Collected data entries
• • • •
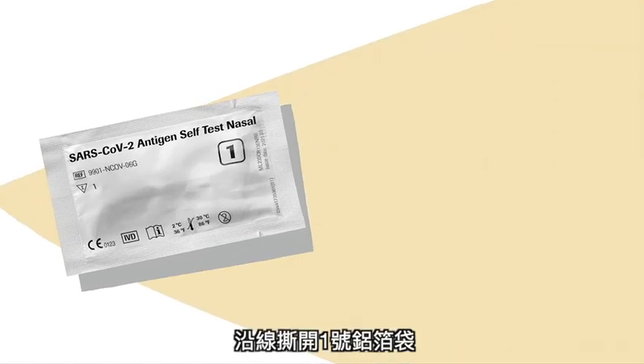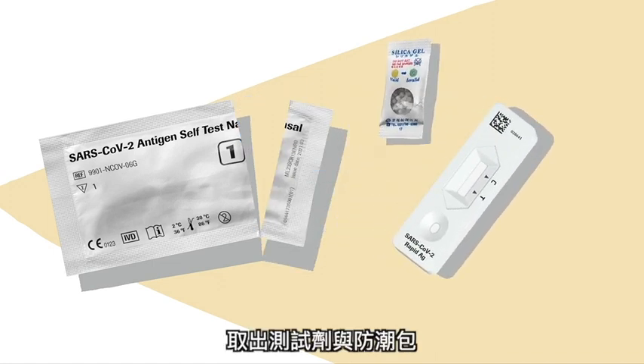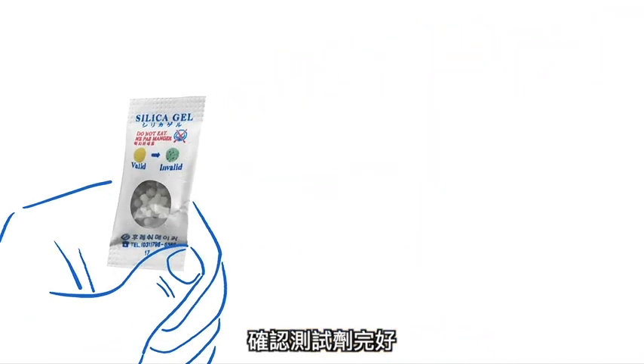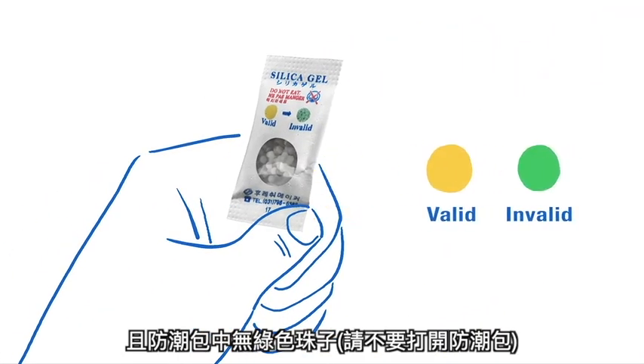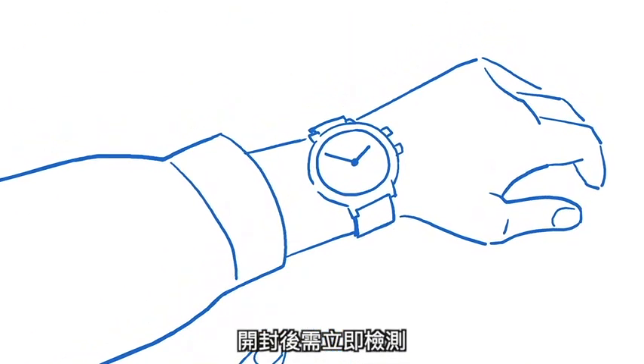Open one of the pouches marked with a 1 along the tear line and take out the test device and the desiccant package. Ensure that the test device is intact and that there are no green beads in the desiccant package. Use the test immediately after opening the pouch.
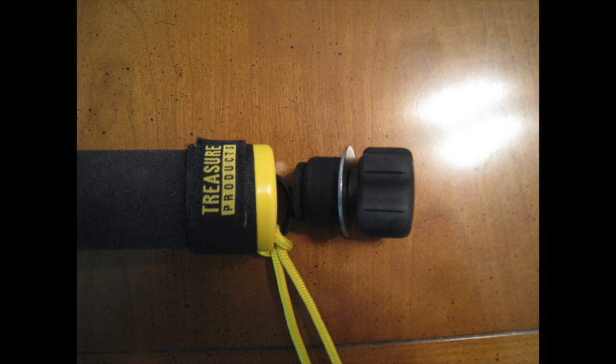This unit has a waterproof plug on the top of the handle that looks very crude. However, it does a perfect job of keeping the water out. I've never had a drop of water in this detector — you just have to make sure your hand tightens the seal until it's good and snug.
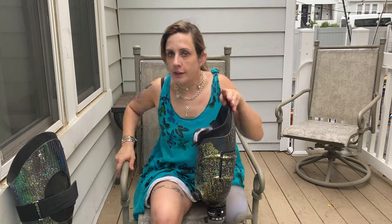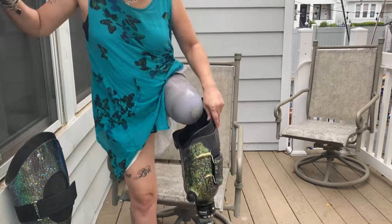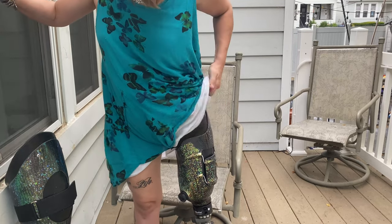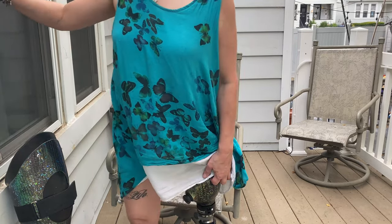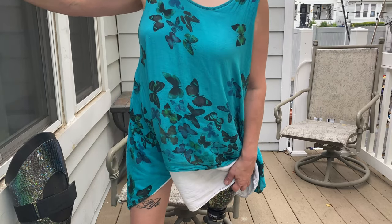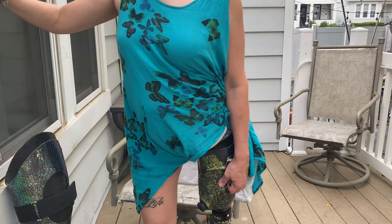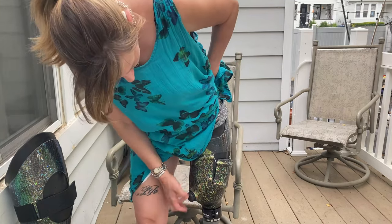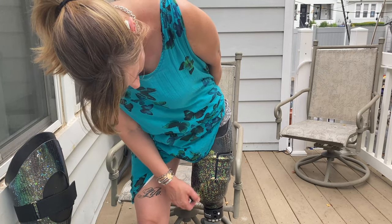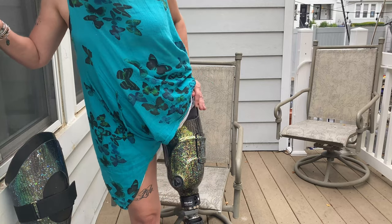In order to put it on, I turn on the vacuum system to suck my leg down in there. It's nice that I can use this as a handle. Tighten it up. Now it's on.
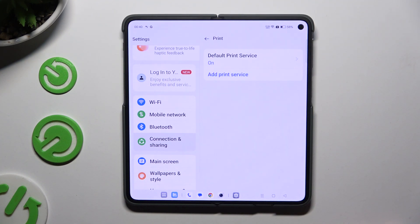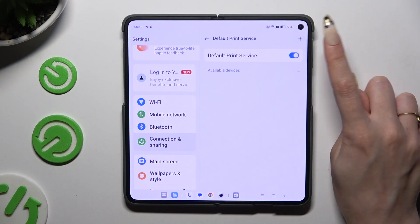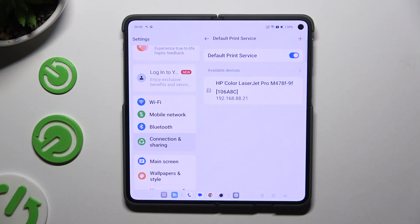Tap on the print service, or any other service you downloaded, and make sure that the toggle is blue.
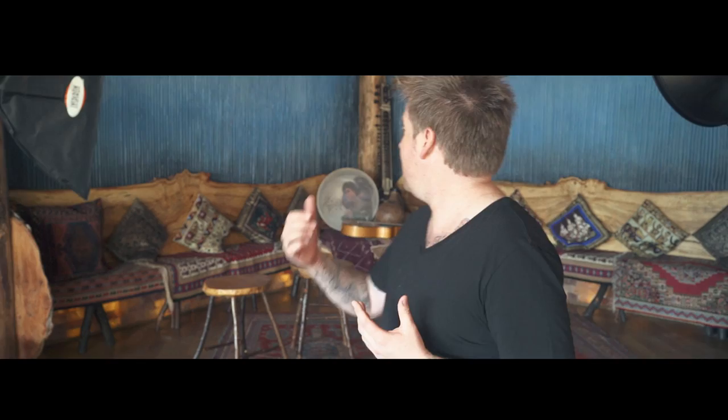And then two 300 watt strip boxes on either side. These are not only going to light up kind of an edge light for him very suddenly, but they're also going to flow through to the background and just have a little bit more light back there, because the background is this kind of blue terracotta, very textural kind of feel.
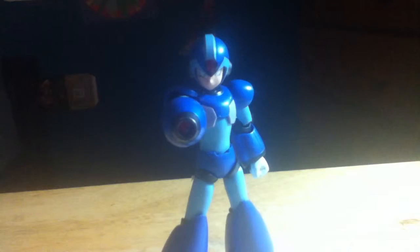Hey everyone, RickNagerProductions back with another review — my third review for today, and it's on the D-Arts Mega Man X figure. I did do this figure before, but I felt like it didn't turn out well, so I deleted it. This is basically a remake review, or re-review, whatever you want to call it.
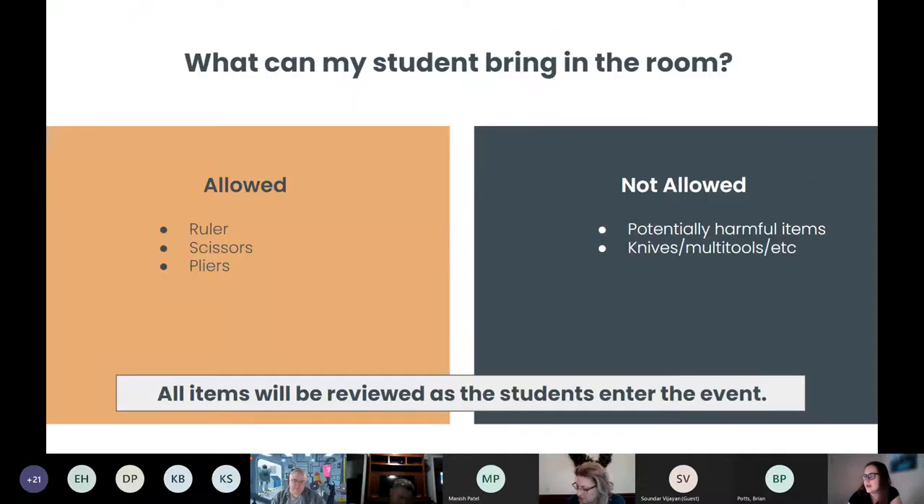What can your students bring with them? We do not supply tools, so rulers, scissors, pliers — if they want to manipulate the material, they need to bring those with them. They can also bring pencils and papers if they want to write, but they cannot use any of those materials to build their bridge. It would be unfair for someone to bring in paper and try to use that on their bridge. We don't allow potentially harmful items, as these are young children. We'll make sure to check their items as they come into the event.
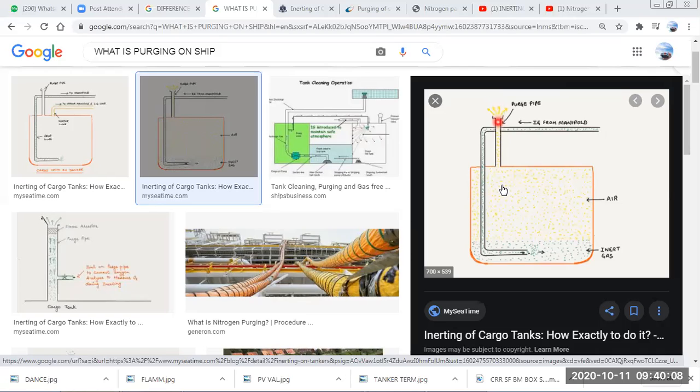When do we need to purge this gas? When the tank is already inerted and inert gas is coming into the tank, we need to vent the tank atmosphere — oxygen or hydrocarbon — from inside the tank. IG is coming in from one side and gas is coming out from the purge pipe. The initial introduction of IG is normally called inerting, and once levels have been reduced and you continue the process further, it is called purging.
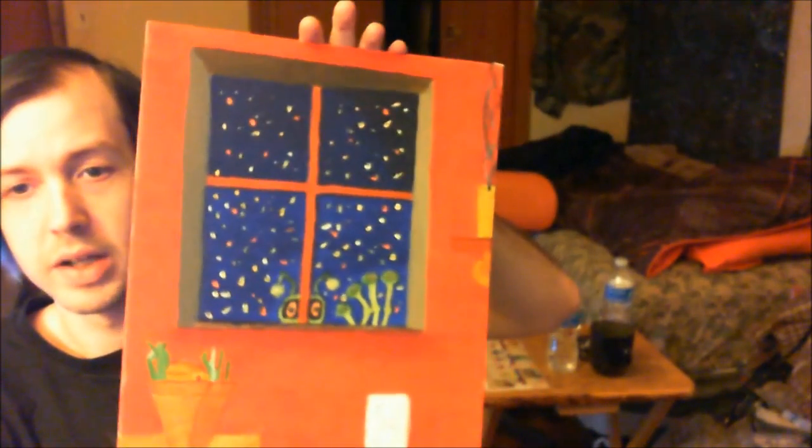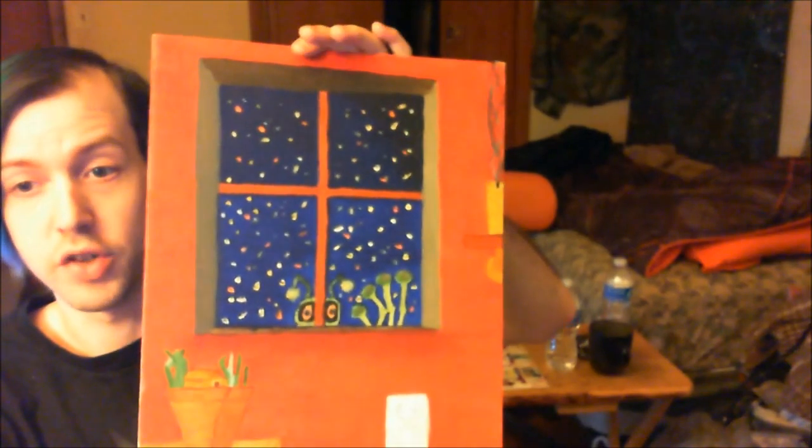Oh, we almost had it. Anyways, there you go. That's my entry, and excuse my trashed room. Sorry about that.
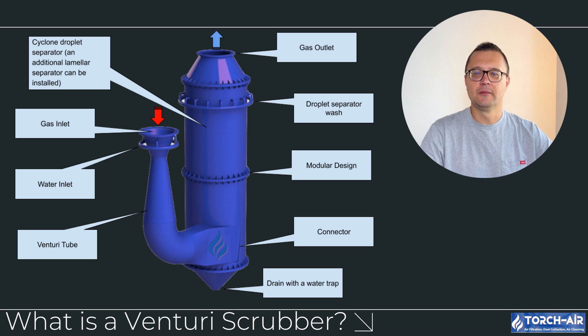What is a venturi scrubber? Before we get into the different types, let's briefly recap what a venturi scrubber does.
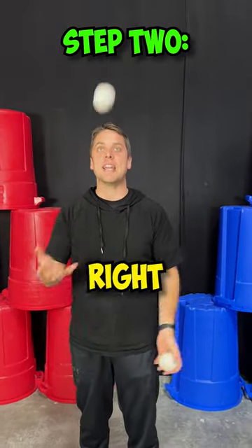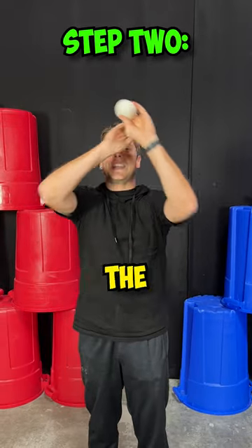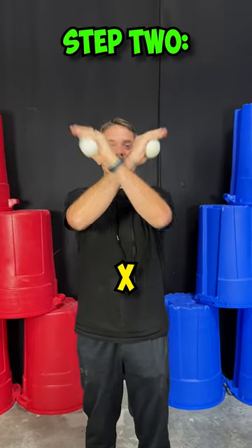Then you're ready for a second ball. You're going to go right, left, catch, catch. The ball is hitting the same height, making an X in the air.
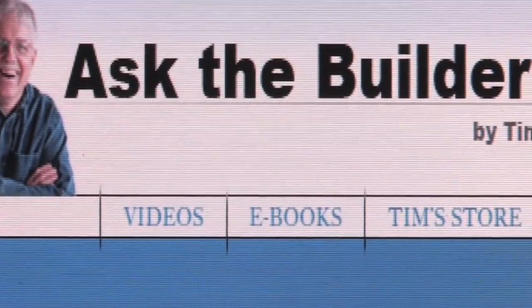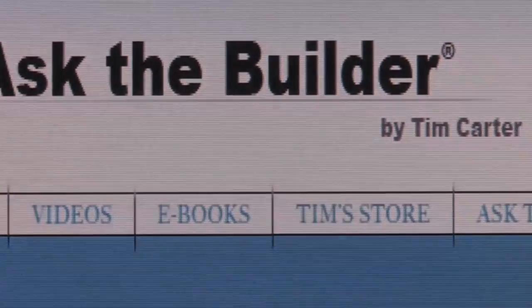If you're watching this video on another website, all you have to do is go to AskTheBuilder.com. You'll see the newsletter sign-up form on every single page of the website. Thanks very much. If you want to discover more home improvement tips, go to AskTheBuilder.com.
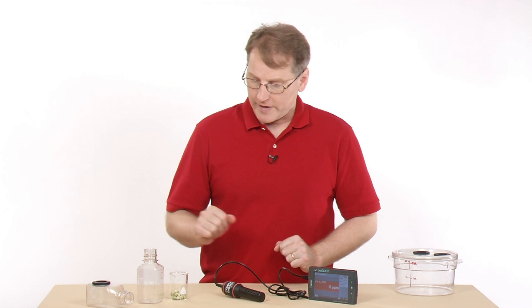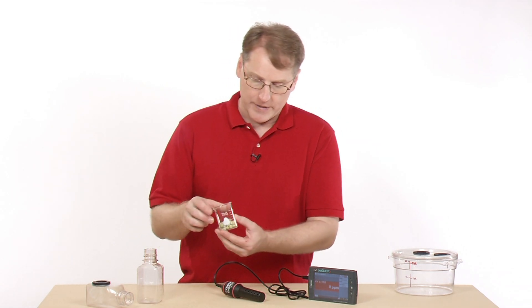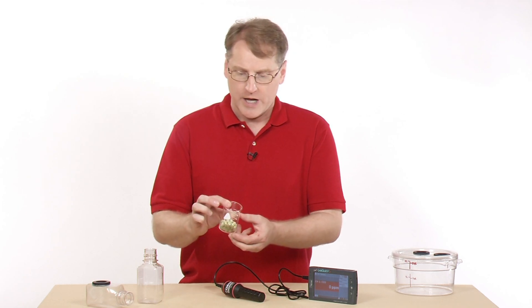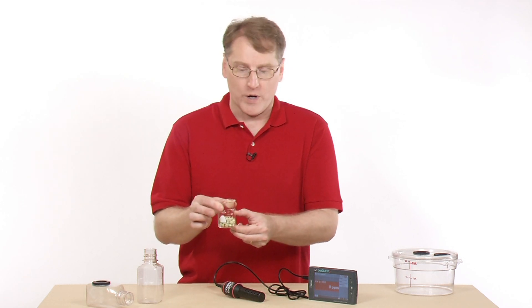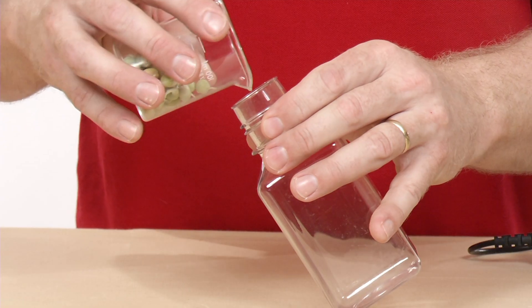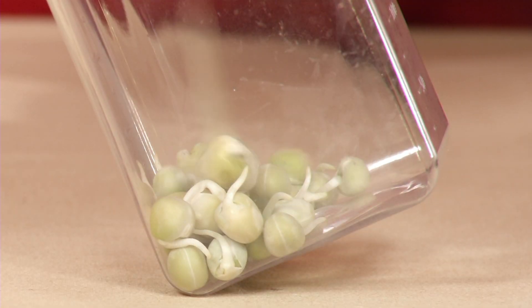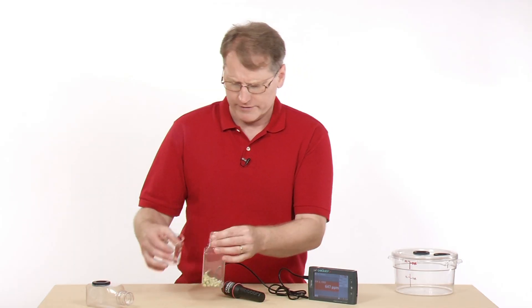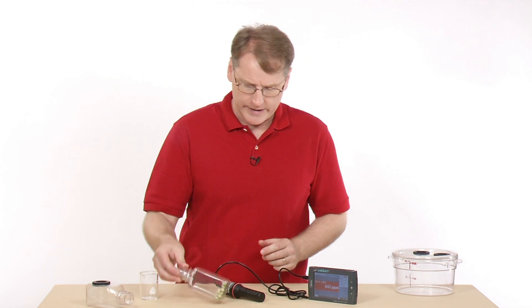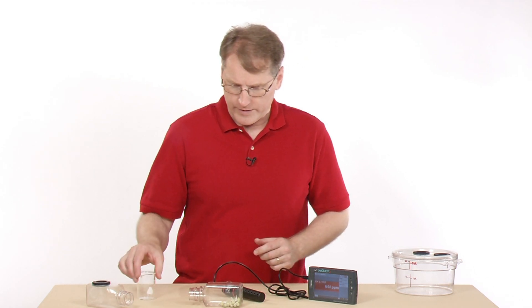While it's warming up, I'm going to take my peas — these are peas I started soaking a couple of days ago, so they're actually sprouting and probably producing a lot of CO2. I'm going to place them into my bottle. There are about 25 or so peas.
• • • •
**Exercise**
Taking the entries above, extract every line from the one bearing "In order to" through the one bearing "Hey everyone, RickNagerProductions", exactly, with no pictures.

**Solution**
In order to put it on, I turn on the vacuum system to suck my leg down in there. It's nice that I can use this as a handle. Tighten it up. Now it's on.
Tap on the print service, or any other service you downloaded, and make sure that the toggle is blue.
And then two 300 watt strip boxes on either side. These are not only going to light up kind of an edge light for him very suddenly, but they're also going to flow through to the background and just have a little bit more light back there, because the background is this kind of blue terracotta, very textural kind of feel.
Hey everyone, RickNagerProductions back with another review — my third review for today, and it's on the D-Arts Mega Man X figure. I did do this figure before, but I felt like it didn't turn out well, so I deleted it. This is basically a remake review, or re-review, whatever you want to call it.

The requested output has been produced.